Nilüfer yaprağından ilham alan araştırmacılar, sağlam, sürdürülebilir ve gübrelenebilir, kendi kendini temizleyen bir biyoplastik geliştirdiler.
Dünyadaki en su tutmayan yüzeylerden bazılarına sahip olmasıyla ünlü olan Nilüfer yapraklarının kirlenmeleri neredeyse imkansızdır. İşin sırrı ise yaprağın mumsu bir tabaka ile kaplanmış küçük sütunlardan oluşan yüzey yapısında yatar. Yaprağa düşen herhangi bir su, bir damlacık olarak kalır, yerçekimi veya rüzgâr yardımıyla basitçe yuvarlanır.

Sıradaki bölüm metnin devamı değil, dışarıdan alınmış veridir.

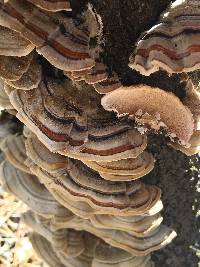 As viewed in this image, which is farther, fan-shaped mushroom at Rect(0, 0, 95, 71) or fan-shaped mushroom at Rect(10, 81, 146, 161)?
fan-shaped mushroom at Rect(10, 81, 146, 161)

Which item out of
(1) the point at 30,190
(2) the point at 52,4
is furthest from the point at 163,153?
(2) the point at 52,4

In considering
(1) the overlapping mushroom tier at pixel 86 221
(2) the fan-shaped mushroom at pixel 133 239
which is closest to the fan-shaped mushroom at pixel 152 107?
(1) the overlapping mushroom tier at pixel 86 221

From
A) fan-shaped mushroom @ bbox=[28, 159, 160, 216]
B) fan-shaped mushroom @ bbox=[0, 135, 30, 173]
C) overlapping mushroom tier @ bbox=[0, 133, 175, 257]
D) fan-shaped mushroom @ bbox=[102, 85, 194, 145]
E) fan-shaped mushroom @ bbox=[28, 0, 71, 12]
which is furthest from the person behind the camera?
fan-shaped mushroom @ bbox=[0, 135, 30, 173]

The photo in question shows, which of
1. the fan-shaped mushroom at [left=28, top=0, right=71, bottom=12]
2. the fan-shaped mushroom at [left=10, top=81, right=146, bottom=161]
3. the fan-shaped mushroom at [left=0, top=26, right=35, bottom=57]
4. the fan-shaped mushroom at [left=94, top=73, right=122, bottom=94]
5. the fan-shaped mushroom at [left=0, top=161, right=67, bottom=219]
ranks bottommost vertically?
the fan-shaped mushroom at [left=0, top=161, right=67, bottom=219]

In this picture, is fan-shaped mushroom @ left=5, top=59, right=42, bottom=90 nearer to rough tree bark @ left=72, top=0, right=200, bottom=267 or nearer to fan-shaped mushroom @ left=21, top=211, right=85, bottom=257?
rough tree bark @ left=72, top=0, right=200, bottom=267

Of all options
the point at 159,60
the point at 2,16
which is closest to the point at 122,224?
the point at 159,60

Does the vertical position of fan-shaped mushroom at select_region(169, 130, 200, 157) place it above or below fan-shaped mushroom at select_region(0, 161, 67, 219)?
above

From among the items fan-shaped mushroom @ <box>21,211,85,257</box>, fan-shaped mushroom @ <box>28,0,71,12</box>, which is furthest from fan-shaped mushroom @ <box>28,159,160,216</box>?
fan-shaped mushroom @ <box>28,0,71,12</box>

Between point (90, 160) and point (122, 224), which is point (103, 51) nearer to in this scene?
point (90, 160) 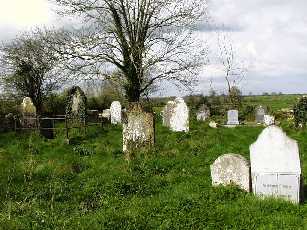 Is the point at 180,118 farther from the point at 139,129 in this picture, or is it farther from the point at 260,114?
the point at 260,114

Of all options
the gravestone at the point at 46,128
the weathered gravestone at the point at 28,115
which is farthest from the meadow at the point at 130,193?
the weathered gravestone at the point at 28,115

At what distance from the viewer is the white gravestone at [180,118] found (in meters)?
24.9

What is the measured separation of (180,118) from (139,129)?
7.56 meters

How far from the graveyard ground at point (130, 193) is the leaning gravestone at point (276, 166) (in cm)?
43

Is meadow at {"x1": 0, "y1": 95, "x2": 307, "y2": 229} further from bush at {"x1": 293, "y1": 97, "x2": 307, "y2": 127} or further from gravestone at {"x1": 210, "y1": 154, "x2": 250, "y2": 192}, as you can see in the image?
bush at {"x1": 293, "y1": 97, "x2": 307, "y2": 127}

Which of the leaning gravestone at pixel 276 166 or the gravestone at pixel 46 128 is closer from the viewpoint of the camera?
the leaning gravestone at pixel 276 166

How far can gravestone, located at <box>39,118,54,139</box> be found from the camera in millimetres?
24005

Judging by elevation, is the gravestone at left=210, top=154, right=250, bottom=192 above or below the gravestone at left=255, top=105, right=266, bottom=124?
below

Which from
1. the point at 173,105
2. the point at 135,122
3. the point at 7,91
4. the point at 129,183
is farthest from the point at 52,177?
the point at 7,91

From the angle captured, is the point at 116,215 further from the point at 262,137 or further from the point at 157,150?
the point at 157,150

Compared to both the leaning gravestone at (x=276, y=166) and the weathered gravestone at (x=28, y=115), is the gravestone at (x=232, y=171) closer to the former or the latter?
the leaning gravestone at (x=276, y=166)

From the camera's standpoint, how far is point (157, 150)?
57.1 ft

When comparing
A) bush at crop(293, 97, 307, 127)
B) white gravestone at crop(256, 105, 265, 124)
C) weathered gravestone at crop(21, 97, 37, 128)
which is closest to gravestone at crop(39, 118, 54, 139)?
weathered gravestone at crop(21, 97, 37, 128)

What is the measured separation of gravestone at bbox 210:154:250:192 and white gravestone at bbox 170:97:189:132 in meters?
12.8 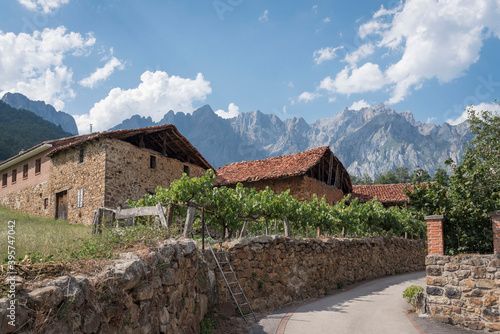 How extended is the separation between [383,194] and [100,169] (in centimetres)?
2172

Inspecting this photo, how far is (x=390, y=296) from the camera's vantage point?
12500 mm

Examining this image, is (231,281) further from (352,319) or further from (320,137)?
(320,137)

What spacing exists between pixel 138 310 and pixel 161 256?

Damlacıklar, aşağı kayarken kiri süpürür ve yaprağı temiz tutar.
Avustralya’nın Melbourne şehrindeki RMIT Üniversitesi‘ndeki araştırmacılar, tıpkı bir nilüfer yaprağı gibi sıvıları ve kiri uzaklaştıran, ardından toprakta hızla parçalanabilen yenilikçi plastik geliştirdi. Science of the Total Environment’da yayınlanan çalışma için nilüferden ilham alan materyalleri yapmak için RMIT bilim ve mühendislik araştırmacılarından oluşan ekip, önce nişasta ve selülozik nanoparçacıklardan oluşan bir plastiği sentetik olarak tasarladı. Bu biyoplastiğin yüzeyi, nilüfer yapraklarının yapısını taklit eden bir desenle basıldı ve ardından silikon bazlı bir organik polimer olan koruyucu bir PDMS tabakasıyla kaplandı. Testler, biyoplastiğin yalnızca sıvıları ve kiri etkili bir şekilde itmediğini, aynı zamanda aşındırıcılarla çizildikten ve ısıya, aside ve etanole maruz kaldıktan sonra da kendi kendini temizleme özelliklerini koruduğunu gösterdi.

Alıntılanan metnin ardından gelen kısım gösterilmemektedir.